US regulation: President Barack Obama wants to remake US financial regulation. The details of his overhaul emerging on Wednesday suggest a genuine effort to plug the worst holes. But much of it is a patchwork of rugged tape, filler and dabs of paint. The oversight system will look better and could work better. But the best chance in decades of a full rebuild has gone begging.
That may to some extent be a political calculation. Obama and Tim Geithner, his Treasury secretary, have a better chance of getting the bigger changes through Congress if they avoid sweeping away the existing crowd of regulators and the influence of the various groups of lawmakers to which today’s watchdogs are beholden.
But the flipside is that while US financial supervision overall may end up looking better suited to today’s interconnected financial markets, the structural underpinnings will still be creaky. Giving the Federal Reserve an over-arching power to watch out for systemic risk across the financial sector makes good sense. By contrast, failing to expend the political capital needed to merge the Securities and Exchange Commission and the Commodity Futures Trading Commission into one regulator of exchanges looks more like postponing a problem.
The Fed’s new role is one of the big ideas. Another is the creation of a special tier of too-big-to-fail institutions which will be regulated more tightly than others. The ability to unwind big non-bank firms like American International Group in the way authorities can only now do with banks is another logical element of the plan. Among other things, there’s also a sensibly incremental approach to official scrutiny of hedge funds, and a call for tougher regulation of credit rating firms is appropriately accompanied by a plea that lawmakers and regulators try to reduce their reliance on ratings anyway.
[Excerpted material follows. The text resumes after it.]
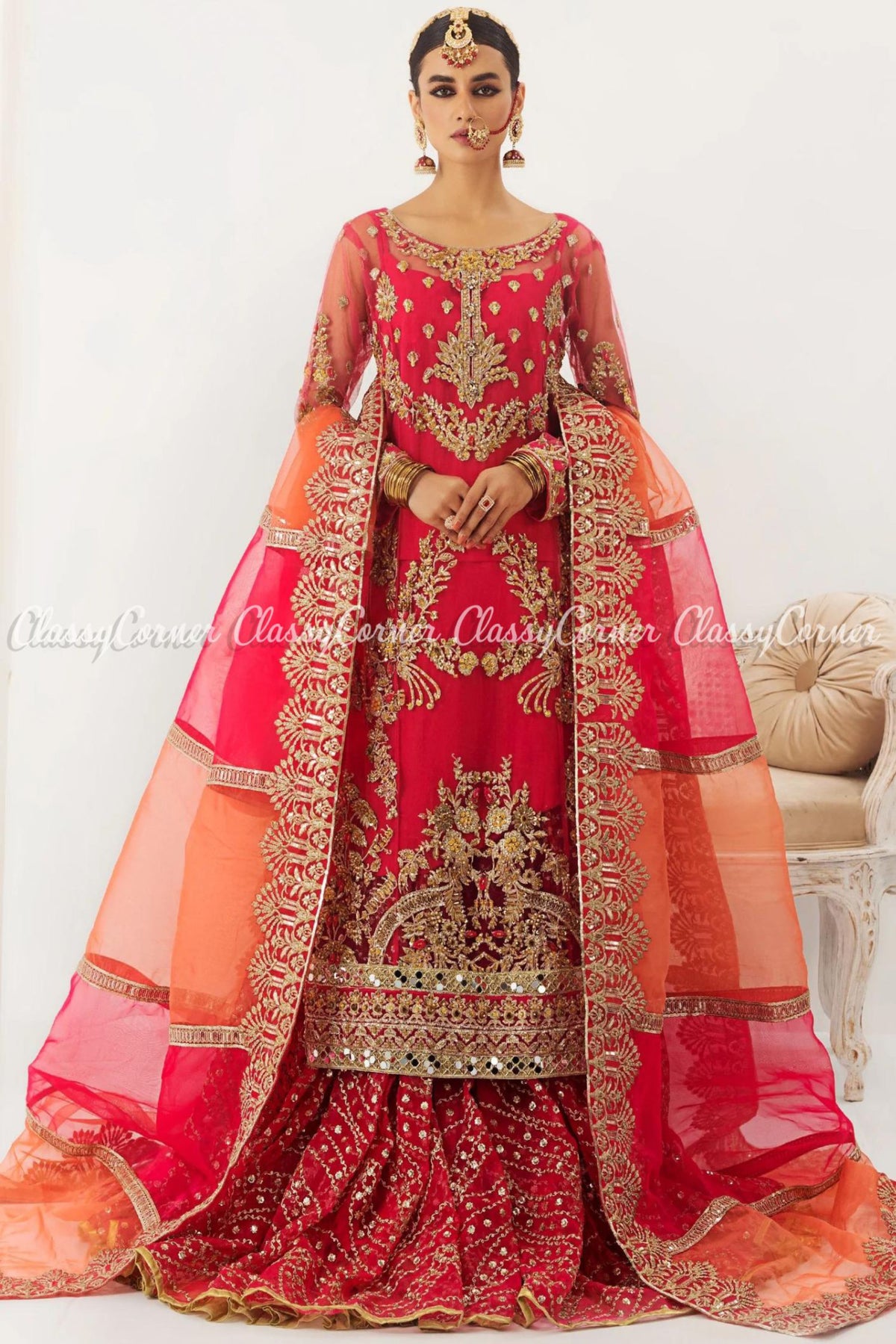 Hot Pink Orange Net Embroidered Bridal Wear Lehenga Dress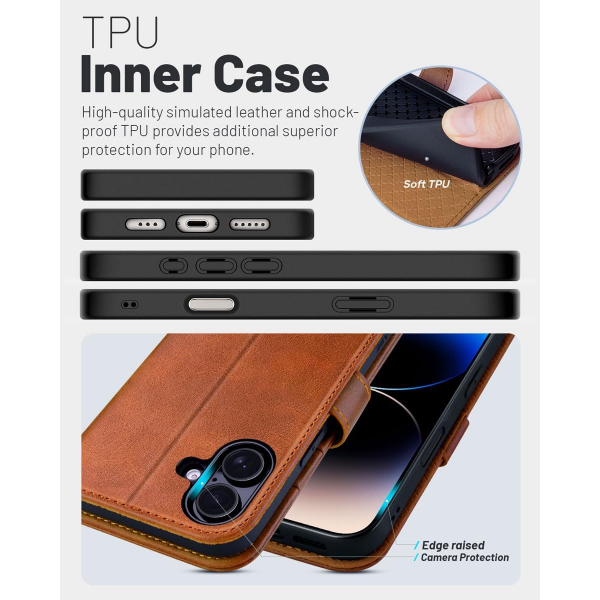 OCASE Apple iPhone 17 Czdan Klf-Brown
Yet it seems only one regulator will disappear: the Office of Thrift Supervision will be absorbed into a beefed up version of the Office of the Comptroller of the Currency, renamed the National Bank Supervisor. Elsewhere, the population of regulator Pooh-Bahs is only set to increase. There will be a new Financial Services Oversight Council; a new Consumer Financial Protection Agency; and a new national insurance overseer.
It’s how the enlarged team works together that matters, of course. But the aftermath of the recent crisis must have offered the best chance in many years to revamp the structure of the regulatory system to fit its new functions - and perhaps execute them more effectively.